IRC § 679. Foreign trusts having one or more United States beneficiaries.

 

(a) Transferor treated as owner.

(1) In general. A United States person who directly or indirectly transfers property to a foreign trust (other than a trust described in section 6048(a)(3)(B)(ii)) shall be treated as the owner for his taxable year of the portion of such trust attributable to such property if for such year there is a United States beneficiary of any portion of such trust.

(2) Exceptions. Paragraph (1) shall not apply -

(A) Transfers by reason of death. To any transfer by reason of the death of the transferor.
(B) Transfers at fair market value To any transfer of property to a trust in exchange for consideration of at least the fair market value of the transferred property. For purposes of the preceding sentence, consideration other than cash shall be taken into account at its fair market value.

(3) Certain obligations not taken into account under fair market value exception.

(A) In general. In determining whether paragraph (2)(B) applies to any transfer by a person described in clause (ii) or (iii) of subparagraph (C), there shall not be taken into account -

(i) except as provided in regulations, any obligation of a person described in subparagraph (C), and
(ii) to the extent provided in regulations, any obligation which is guaranteed by a person described in subparagraph (C).
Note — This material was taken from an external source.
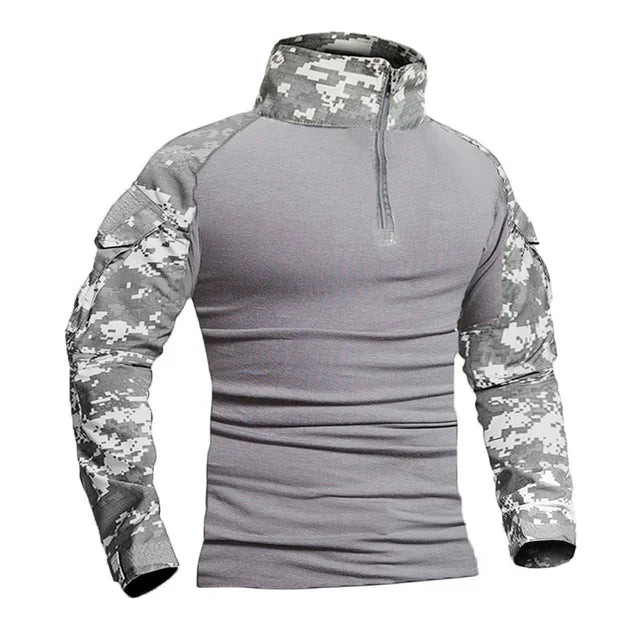 Outdoor Hiking T-Shirts Men CP Camouflage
(B) Treatment of principal payments on obligation. Principal payments by the trust on any obligation referred to in subparagraph (A) shall be taken into account on and after the date of the payment in determining the portion of the trust attributable to the property transferred.
(C) Persons described. The persons described in this subparagraph are -

(i) the trust,
(ii) any grantor, owner, or beneficiary of the trust, and
(iii) any person who is related (within the meaning of section 643(i)(2)(B)) to any grantor, owner, or beneficiary of the trust.

(4) Special rules applicable to foreign grantor who later becomes a United States person.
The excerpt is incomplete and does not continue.